§ THE PROBLEM
Every record should be copied exactly, except that pictures are to be omitted.
+++ MATERIAL FOR THE TASK
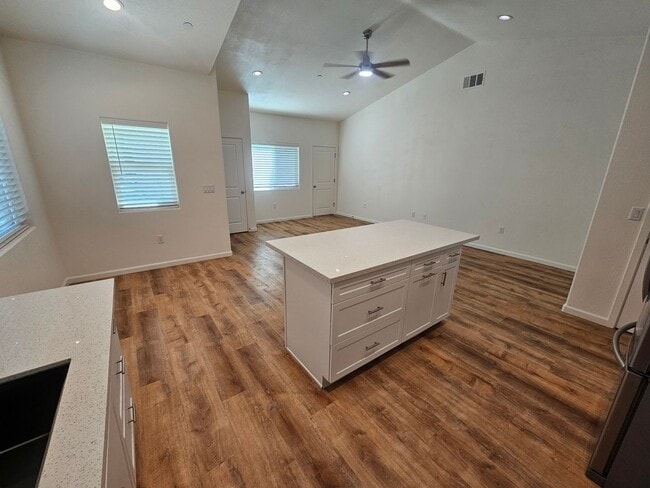 Building Photo - 3 Bedroom 2 Bathroom Duplex for Rent in Corning!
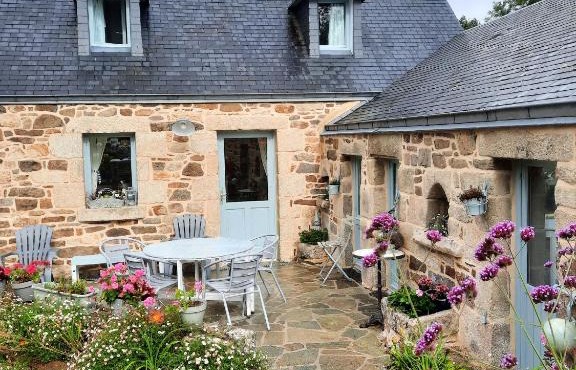 Maison accueillante à Cléden-Cap-Sizun avec jardin clos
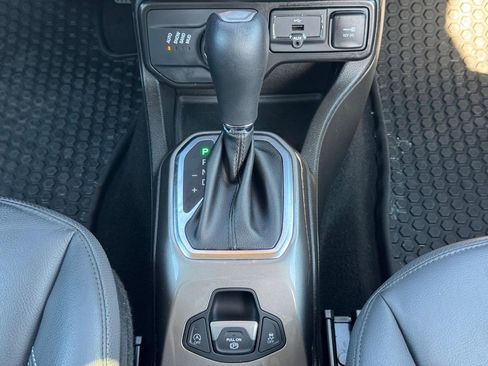 Used 2022 Jeep Renegade Limited image 14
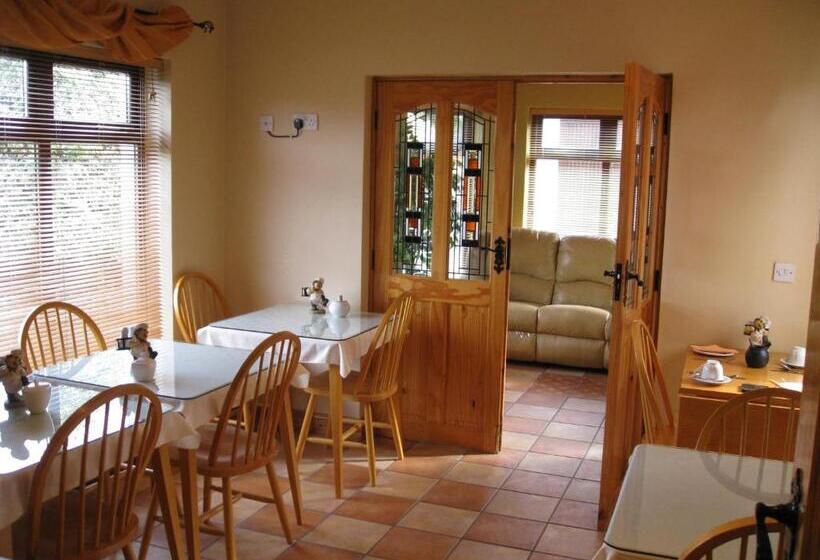 Johnny B S B&b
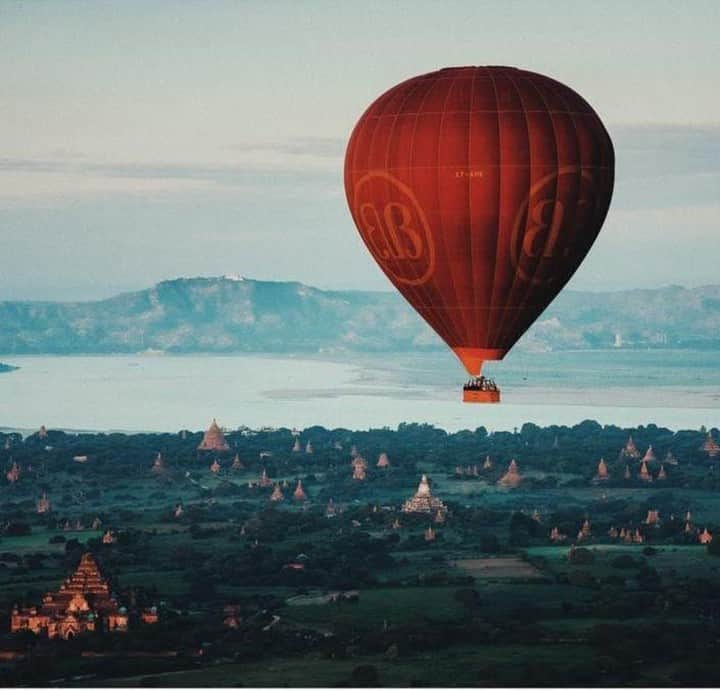 Lonely Planetさんのインスタグラム写真 - (Lonely PlanetInstagram)「#LonelyPlanet photographer @ed_norton pictured this balloon floating serenely over the endless temples, pagodas and ruins of #Myanmar's #Bagan. 🎈」3月25日 20時01分 - lonelyplanet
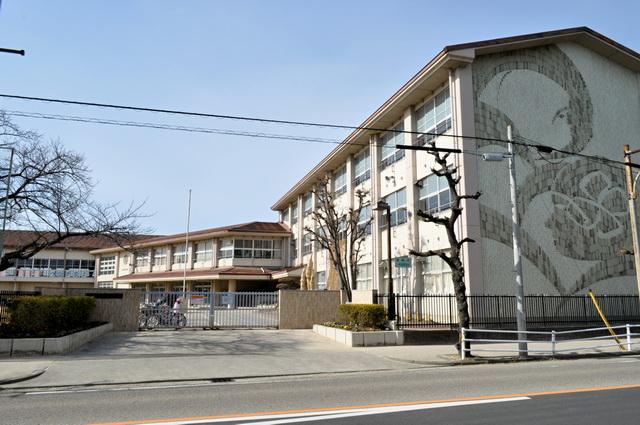 Primary school. Ichinomiya Municipal Miyanishi to elementary school 882m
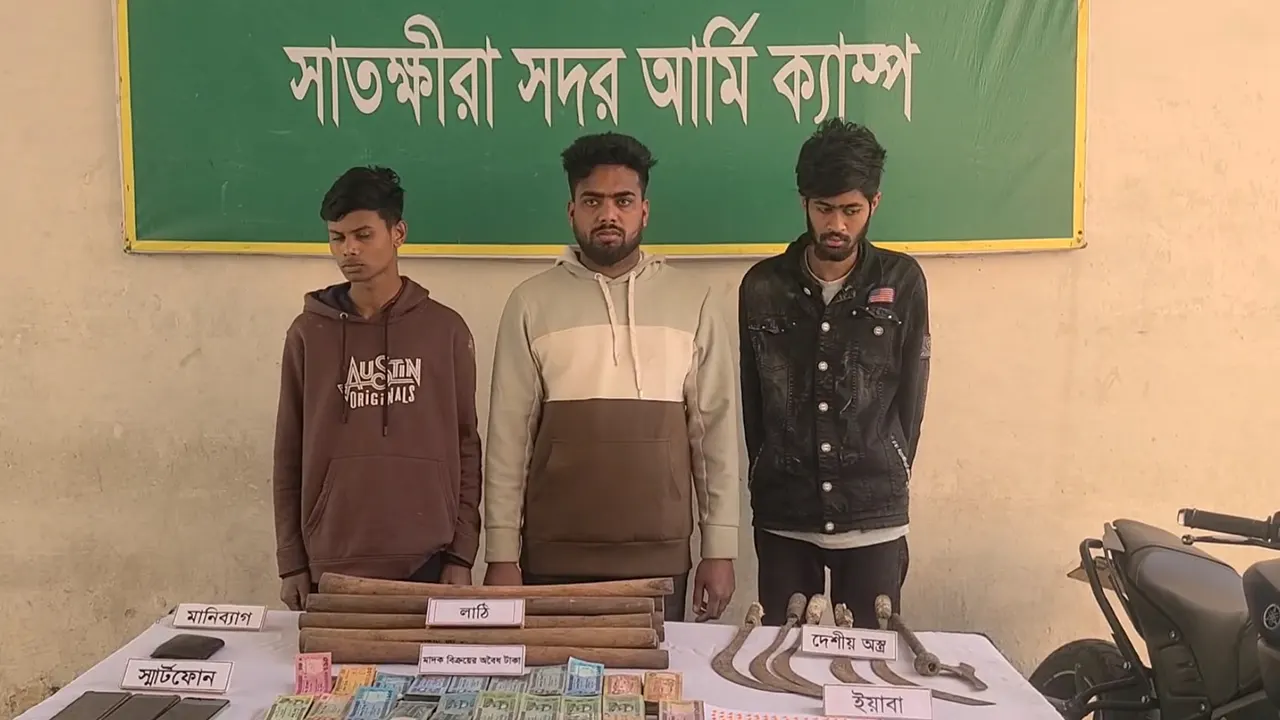 সাতক্ষীরায় সেনা অভিযানে মাদক ব্যবসায়ীসহ গ্রেপ্তার ৩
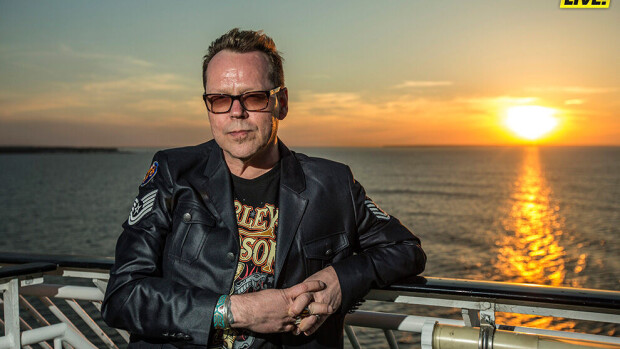 Pertti Neumann paljastaa: The Rasmus -muusikko ohjaa Dingosta elokuvan! Pertti Neumann paljastaa: The Rasmus -muusikko ohjaa Dingosta elokuvan!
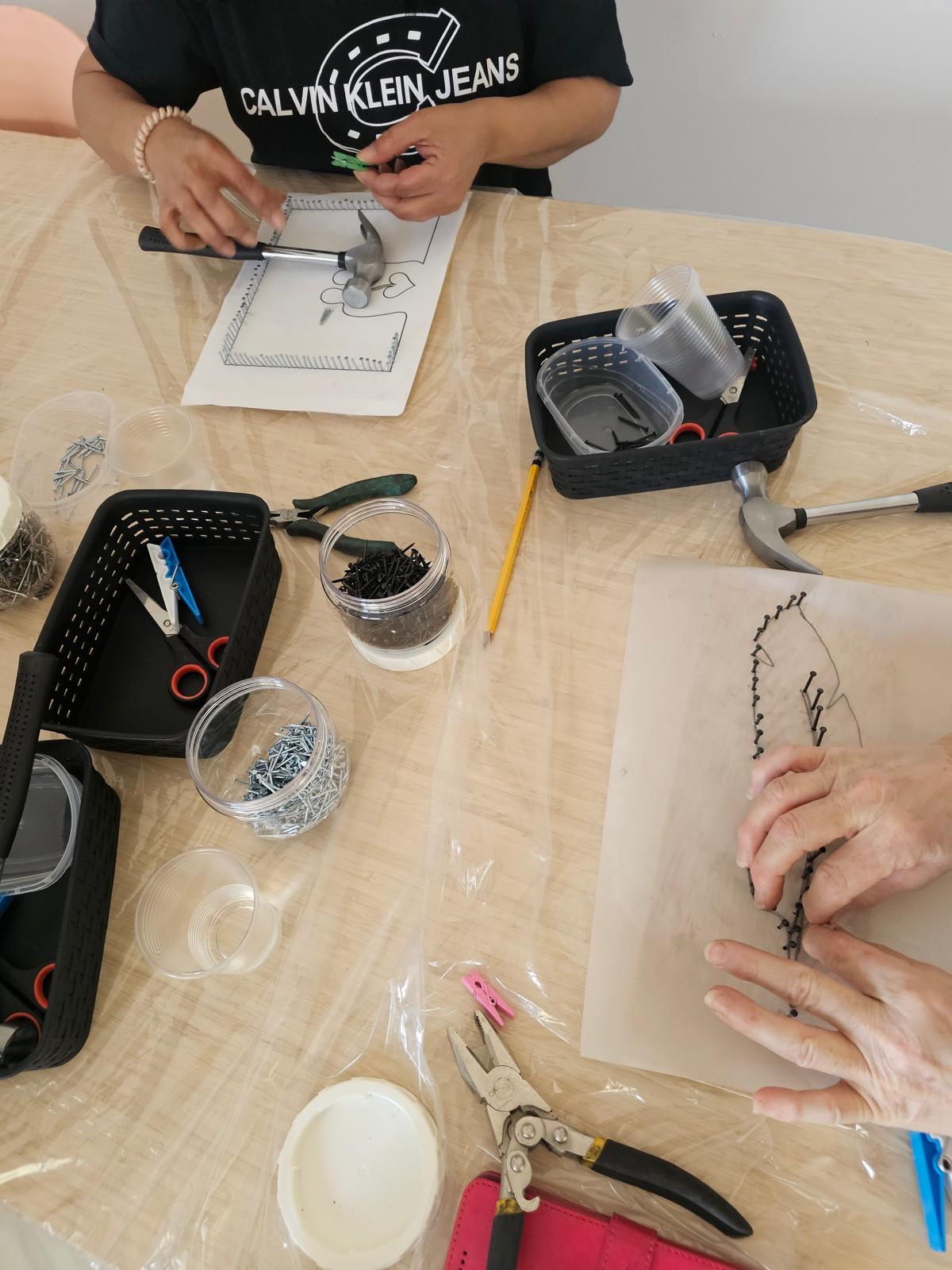 סדנת מסמרים וחוטי רקמה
++++++
§ ANSWER TO THE EXERCISE
 Building Photo - 3 Bedroom 2 Bathroom Duplex for Rent in Corning!
 Maison accueillante à Cléden-Cap-Sizun avec jardin clos
 Used 2022 Jeep Renegade Limited image 14
 Johnny B S B&b
 Lonely Planetさんのインスタグラム写真 - (Lonely PlanetInstagram)「#LonelyPlanet photographer @ed_norton pictured this balloon floating serenely over the endless temples, pagodas and ruins of #Myanmar's #Bagan. 🎈」3月25日 20時01分 - lonelyplanet
 Primary school. Ichinomiya Municipal Miyanishi to elementary school 882m
 সাতক্ষীরায় সেনা অভিযানে মাদক ব্যবসায়ীসহ গ্রেপ্তার ৩
 Pertti Neumann paljastaa: The Rasmus -muusikko ohjaa Dingosta elokuvan! Pertti Neumann paljastaa: The Rasmus -muusikko ohjaa Dingosta elokuvan!
 סדנת מסמרים וחוטי רקמה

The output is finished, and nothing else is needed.